HTML5 May Just Have Won the Internet

Take a bit of notice and remember last spring when the talk of the town was the fact that Apple was pushing for HTML5 to be the standard for video on the web. Opposite what? Adobe's flash player. Where a year ago basically everything you saw as far as video was based in flash, now the standard has all but completely switched over to HTML5 – to a point.

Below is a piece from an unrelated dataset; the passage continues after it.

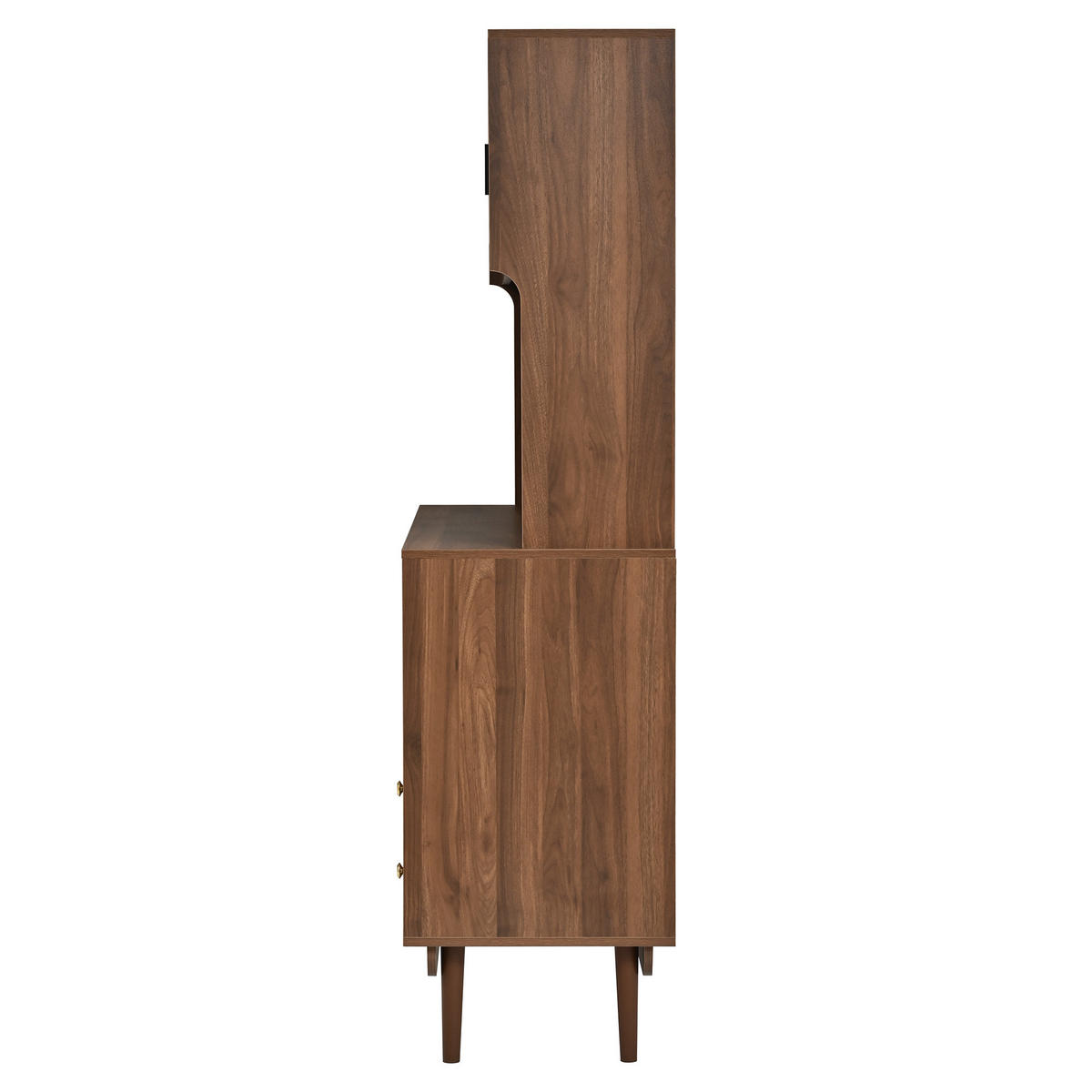 KÜCHENBUFFET mit Riffelglas, Schubladen und Fächern - Walnussfarben, Holzwerkstoff (117/170/30cm) - FLIEKS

Steve Jobs insisted on pushing the idea that online video meant having to be "HTML5 compatible. Video search engine MeFeedia took a look at some figures and says now, October 2010, that 54% of web video is available for playback in HTML5, that number being double what it was 5 months previous. That's a jump if ever have I seen one. MeFeedia also notes the following HTML5 holdouts, each of them still mainly flash-based:

Full episodes from the major TV Networks (including Hulu)

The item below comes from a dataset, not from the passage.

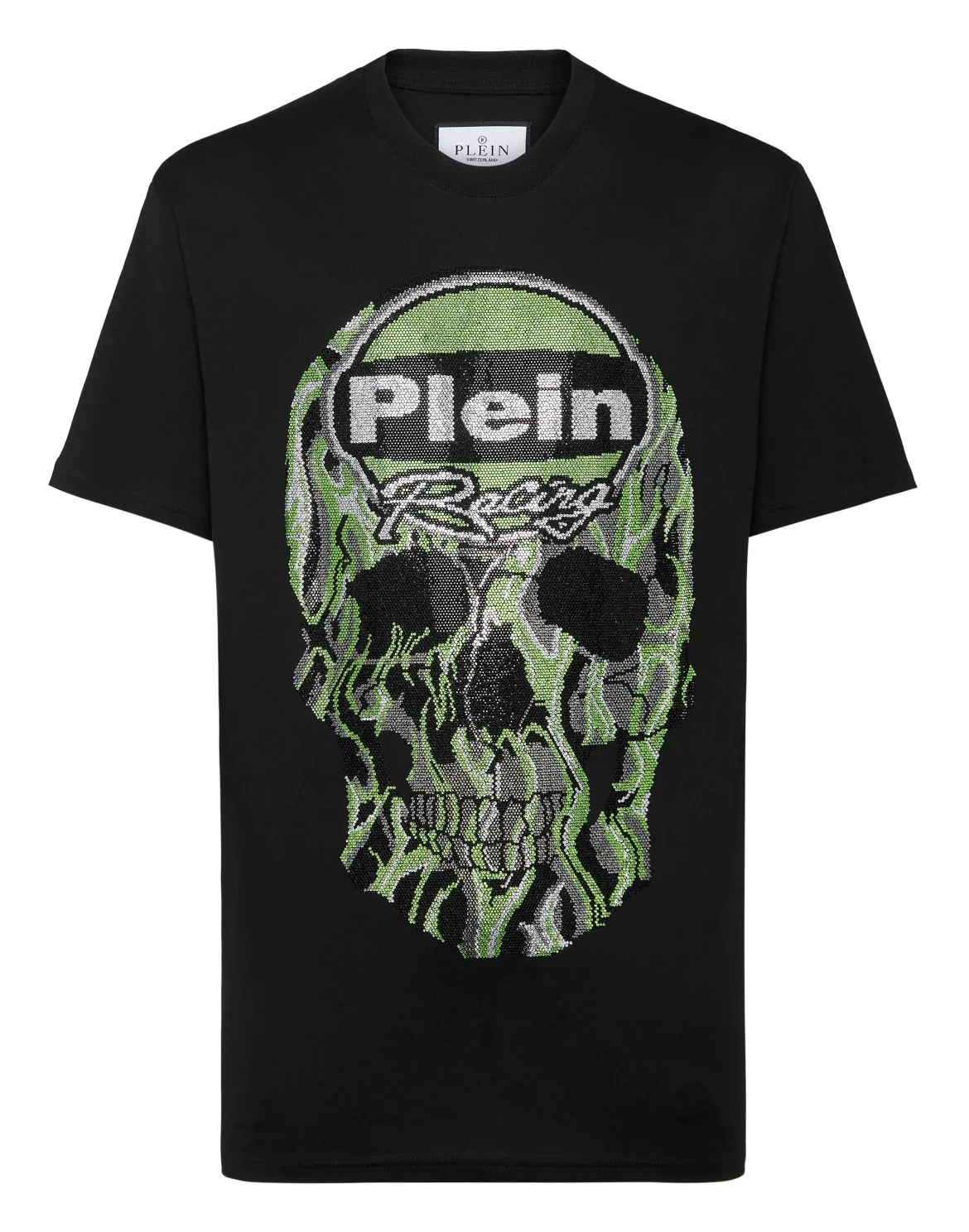 Jersey T-shirt Round Neck SS Strass Skull, цвет: Черный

Most cable network content, particularly long-form video

Metacafe, MySpace Video, 5min

Live video sites such as Ustream and Justin.tv

International sites such as Tu.tv, Youku, and Sevenload

But take note: as evidenced by Hulu's "Hulu Plus" subscription (a pay service) that allows you to play their content using HTML on your iPad, the switchover to HTML5 completely is, as it often is, due to the fact that groups can continue to make money from your blistering need for functionality. As long as there is capitalism in the world, there'll still be people selling you VCR tapes and 8-track music at their garage sales. That's just the reality of the situation.